Heimdall: A Modular Framework for Tokenization in Single-Cell Foundation Models.
Ellie Haber, Shahul Alam, Nicholas Ho, Renming Liu, Evan Trop, Shaoheng Liang, Muyu Yang, Spencer Krieger, Jian Ma
Abstract
Open AccessFoundation models trained on single-cell RNA-sequencing (scRNA-seq) data have rapidly become powerful tools for single-cell analysis. Their performance, however, depends critically on how cells are tokenized into model inputs - a design space that remains poorly understood. Here, we present Heimdall, a comprehensive framework and open-source toolkit for systematically evaluating tokenization strategies in single-cell foundation models (scFMs). Heimdall decomposes each scFM into modular components: a gene identity encoder (F G), an expression encoder (F E), and a "cell sentence" constructor (F C) with submodules (order, sequence, and reduce) enabling fine-grained control and attribution.
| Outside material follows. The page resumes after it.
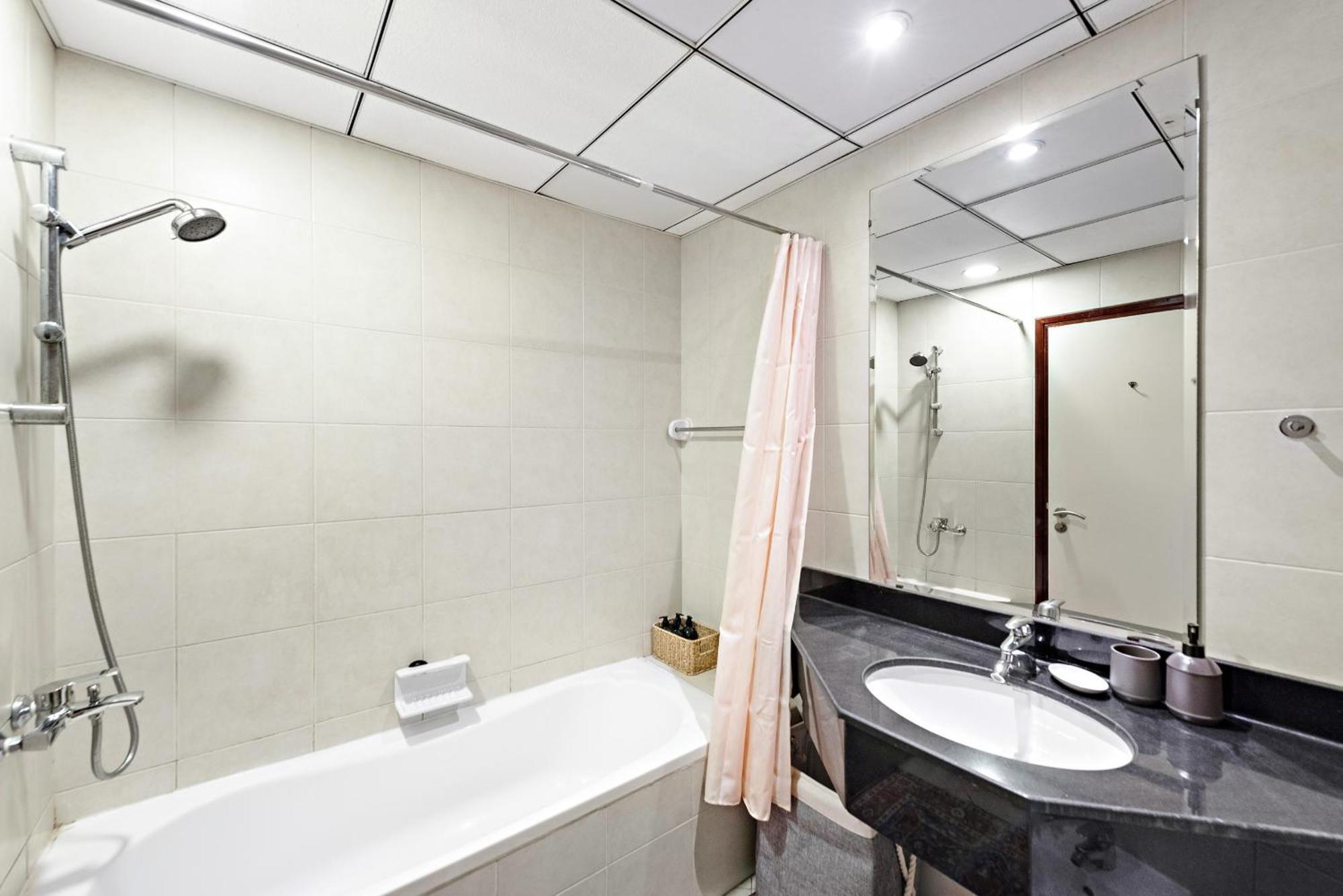 Vayk - Warm And Welcoming 2br In Jlt *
Using a transformer trained from scratch, we evaluate tokenization strategies for cell type classification across challenging transfer learning settings - cross-tissue, cross-species, and spatial gene-panel shifts - and separately assess reverse perturbation prediction. Tokenization choices show minimal impact in-distribution but are decisive under distribution shift, with F G and order driving the largest gains and F E providing additional improvements. Heimdall further shows how existing strategies can be recombined to enhance generalization. By standardizing evaluation and providing an extensive library, Heimdall establishes a foundation for reproducible, systematic exploration of single-cell tokenization and accelerates the development of next-generation scFMs.